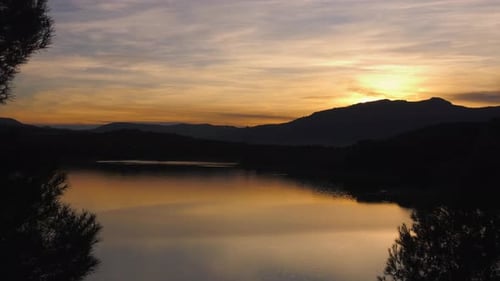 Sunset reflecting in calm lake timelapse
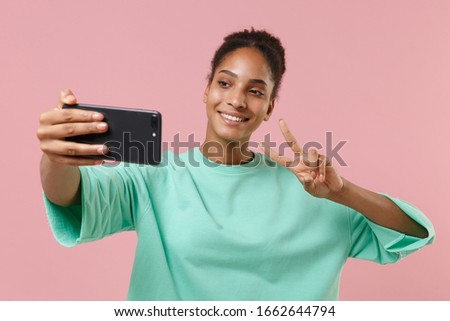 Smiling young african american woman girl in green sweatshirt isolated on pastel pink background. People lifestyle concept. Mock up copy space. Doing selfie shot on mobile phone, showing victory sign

...

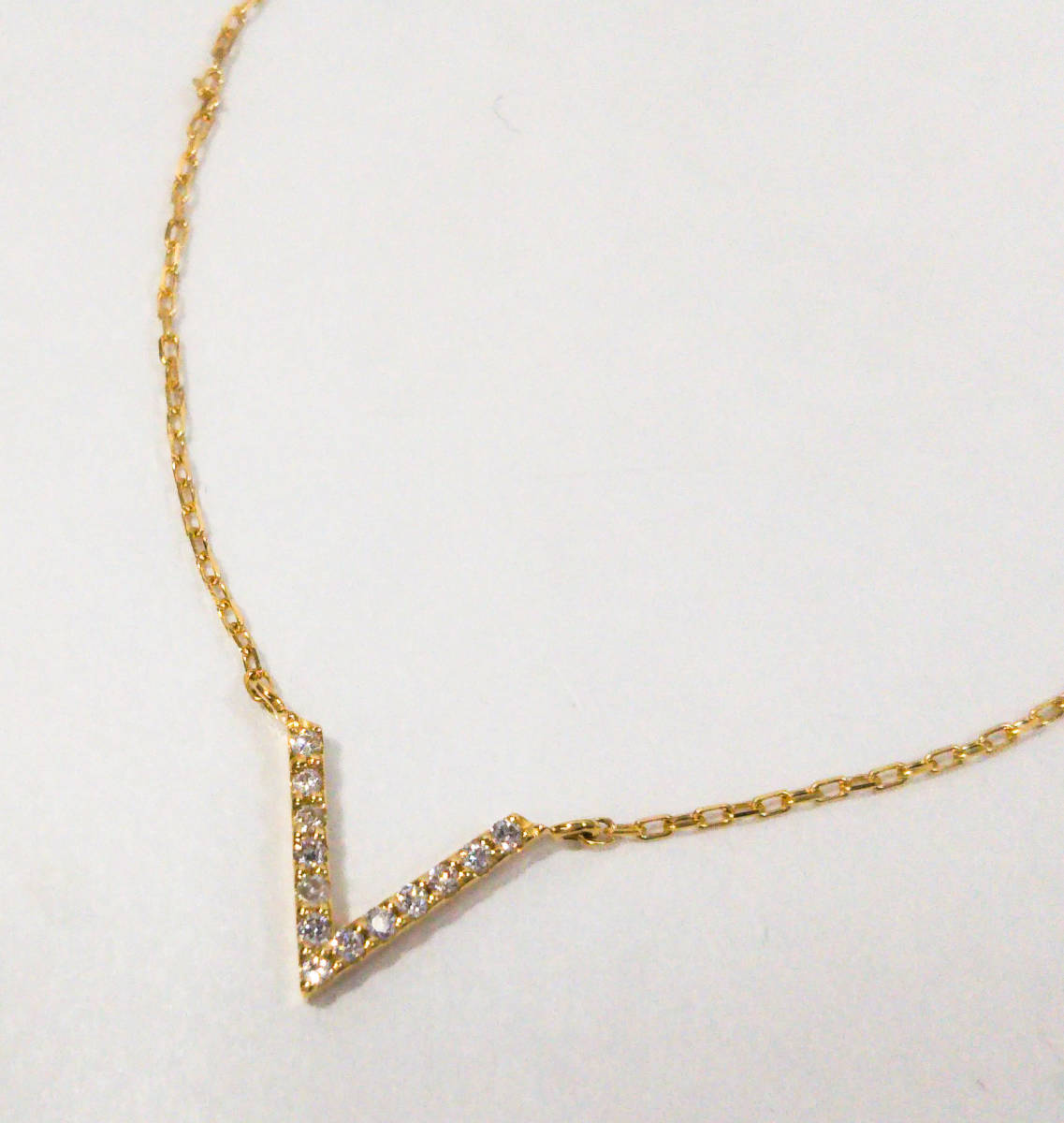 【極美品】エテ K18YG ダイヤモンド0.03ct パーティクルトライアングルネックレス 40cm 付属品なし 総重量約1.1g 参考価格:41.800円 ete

==

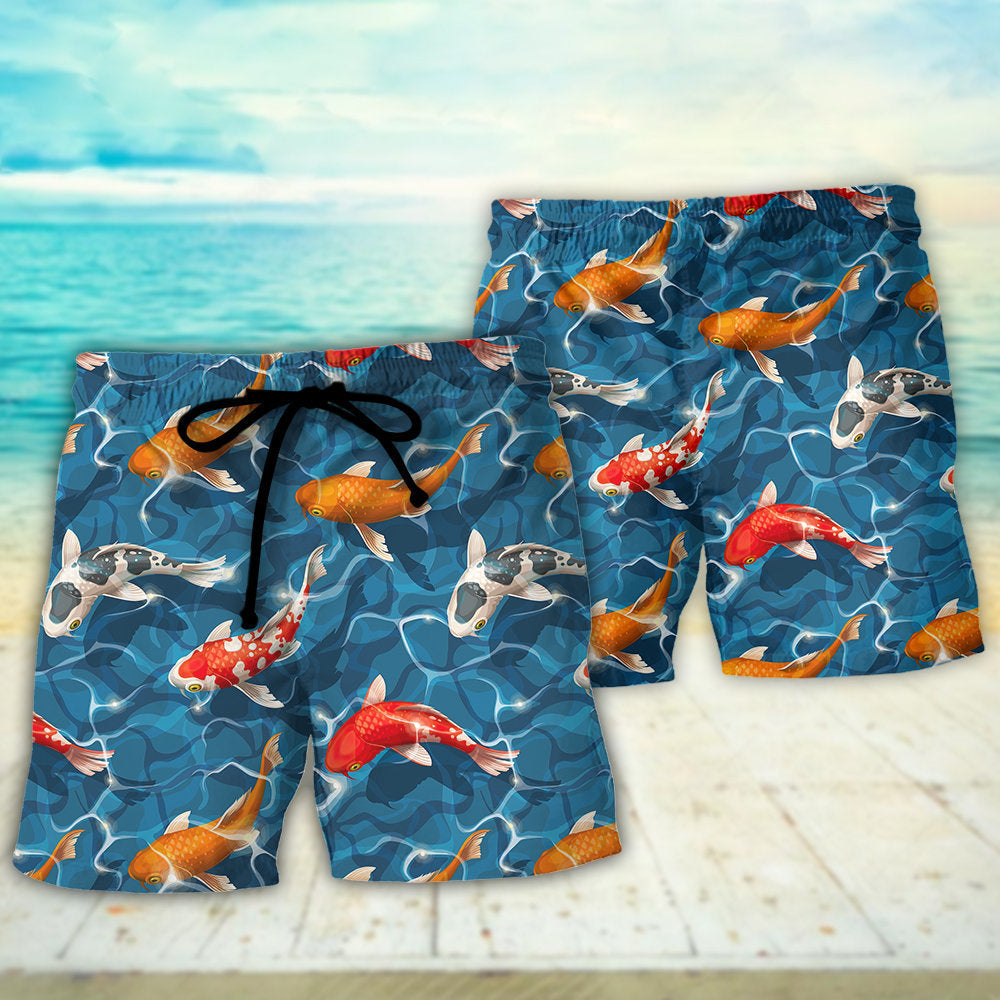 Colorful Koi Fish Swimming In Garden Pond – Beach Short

→ **What to do**
Write out word for word the lines above that run from the one with "Sunset reflecting in calm lake timelapse" to the one with "Smiling young african". Include both end lines; exclude the images.

→ **Output for this exercise**
 Sunset reflecting in calm lake timelapse
 Smiling young african american woman girl in green sweatshirt isolated on pastel pink background. People lifestyle concept. Mock up copy space. Doing selfie shot on mobile phone, showing victory sign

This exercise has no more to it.